Pattern Framework - Need to understand - Help
I need some advice. I am aware of Design Patterns (In theory).
To learn the practical implementation of Patterns, I had purchased the "Pattern Framework" from this site. Honestly, it is an amazing product that is very well laid out with examples. The problem is that I am not sure of how to study the patterns in this product or where I need to start so that I will be able to understand the underlying concepts used.
Any further guidance will be appreciated.
Willy James, May 24, 2010
I believe any experienced .NET developer and .NET architect should be able to relate to this question. At some point in our career we found ourselves in the same situation, wondering where to start and how to move forward
It is through hard work, learning from the masters, reading articles, magazines, blogs, that you slowly but surely develop confidence in building scalable, robust .NET applications. And at the end, it will feel 'natural' and you just know what it takes to design and architect large business applications according to commonly used patterns and best practices.

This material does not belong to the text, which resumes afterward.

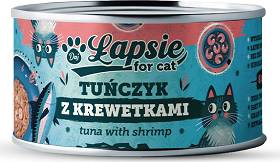 Łapsie Adult Karma z tuńczykiem i krewetkami dla kota 80g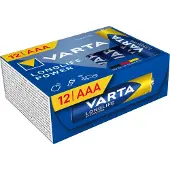 Varta Longlife, Einwegbatterie, AAA, Alkali, 1,5 V, 12 Stück(e), 44,5 mm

My suggestion to learning to apply patterns and practices in your own work is to do in baby steps. For example:
1) Build the simplest possible app (Web, Windows, WPF, etc), using 1-table database and 1-page screen.
2) Add logging, possibly using the Singleton and Observer pattern (study the Design Pattern Framework).
3) Refactor data access and begin to use DAO and Factory patterns (study the Design Pattern Framework).
4) Implement a clean Service Layer using the Facade pattern (study the Desing Pattern Framework).
5) Move business objects from the database to the UI and back using the Active Record pattern (study the Desing Pattern Framework)..
6) Etc. etc.
The key here is starting small and building out the application while refining the architecture by separating it into 3- or n-tiers.
Yes, it will take time, but at the end you will know what works and what not.
Anyhow, I hope this reply is useful to other .NET developers as well.